A right handed putter will “spank” the back of the ball.  You will feel the speed of the putt in the palm of your hand.  This is much like feeling how far you would toss a ball.

If you are a right handed putter, the reverse overlap or ten finger grip is recommended.  A slight modification can be made by rotating the upper hand counterclockwise so it is in a very weak position.

Consider the possibility of using the two handed, switching hands, bottom hand dominant technique, top hand rotated outward to a weak position technique.  That was a mouthful, but all it means is that you will take a right hand grip, then use the top hand to push the club back and the bottom hand the strike through. Weakening the top hand allows you to eliminate the possibility of the club “fanning open” (arc putting) on any short or intermediate length putt.  On longer, lag putts the putter head will arc to the inside, but the face will remain square.

  Check the physical alignment of the putter’s grip to make dead certain it is installed square to the putterface.  My experience indicates about 50% of all putter grips are installed crooked.  I have seen the problem on $300 putters as well as discount shop beaters.  You can’t putt your best with a dirty grip.  Oil from you hands gets caked onto the grip.  Clean your grip with a solvent and rinse with clear water.  Your grip should feel a little sticky.

Point …  Move your feet into place and bow over until your nose is over the ball.

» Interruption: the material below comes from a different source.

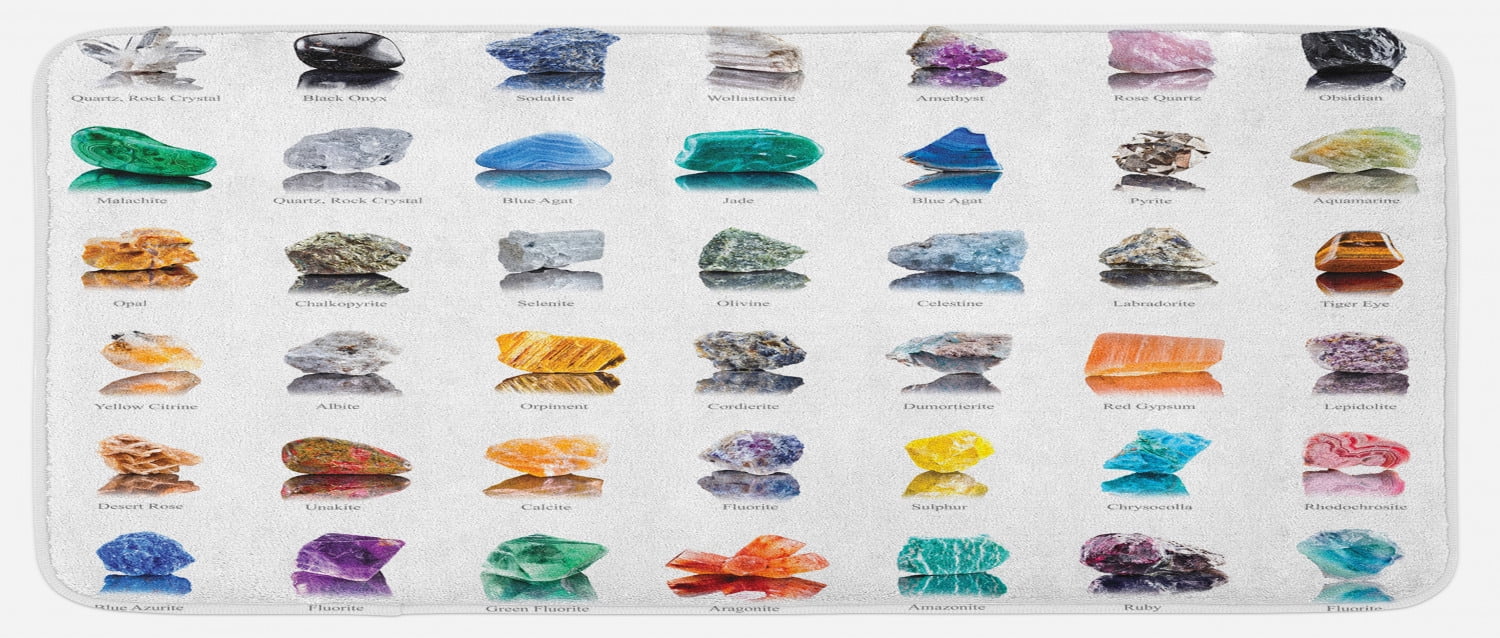 Gemstone Kitchen Mat, Composition of Gemstones with Names Tiger Eye ...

Getting your eyes over the ball is critical.  It, along with a "spot" putting technique fixes the right/left eye dominate vision problem and depth perception problems.  Most importantly, eyes over the ball helps focus your concentration on the "Go" part of the stroke and the ability to control the speed/distance of your putt. 

Eye position is directly related to the mechanics of your stroke.  It, along with a correctly fit putter (lie angle and length) helps fix you hands under your shoulders, creating the "Monkey Arms" position we desire for the NATURAL stroke motion made possible by the shoulder and arm method. 

You do not have to be perfect, but you do have to be pretty close.  The most critical error is to stand too tall which leaves the eyes inside the target path which causes you to push putts.  Standing too tall is often related to poorly fitted, longer putters.  A standard 35-35˝” putter is too long for a typical golfer. “Off the rack” putters need to be custom fitted to your needs.  A putter is always custom fit to a golfer in a correct posture.  It is not your job to accommodate a mis-fit putter.

If your hands are outside your shoulders (too far from your body) you will pull puts to the left.  That’s the good news.  The bad news is that after missing a few putts, most golfers start fiddling with their stroke mechanics (trying).  Somewhere in the process, your confidence goes down the tube. Correct is more important than comfortable.  Comfortable comes from the habits you will develop over time.

You can know the value of getting your eyes over the ball and hanging your hands right now!  Stand up and then bow over as if you were setting up for a putt.  Completely relax your arms and let them hang straight down from your shoulders.  Now, swing them back and forth.  Notice two things.  First, your shoulders barely move and second, your arms effortlessly follow a very straight line parallel to your shoulders.

Where you play the ball between your left and right foot is both a fundamental and an individual technique.  The ball must be played forward of center, closer to your left foot.  A forward position promotes the accelerating ball strike.  Your lead elbow will be folded more than your trail elbow.  Individual players will vary in how far forward they should play the ball.  If your are making a solid, arm and shoulder stroke and pushing putts, the move the ball more forward.  If you are pulling putts, move the ball back towards the center of your stance.

Aim … Aiming your shoulders and knees parallel to the intended path allows your body to effortlessly control the direction of the stroke path.  Square shoulders are the key to  the preferred arm and shoulder technique.  You will make very, very few stroke direction errors if you correctly aim your body where you want the putt to go.  The chief problem with mis-aligned shoulders is that your are doing something you body does not want to do!  This is a classic mind-body conflict.  Your mind is on the target and your body is pointing somewhere else ... who wins?  Bad body alignment is a nearly perfect way to introduce inconsistency!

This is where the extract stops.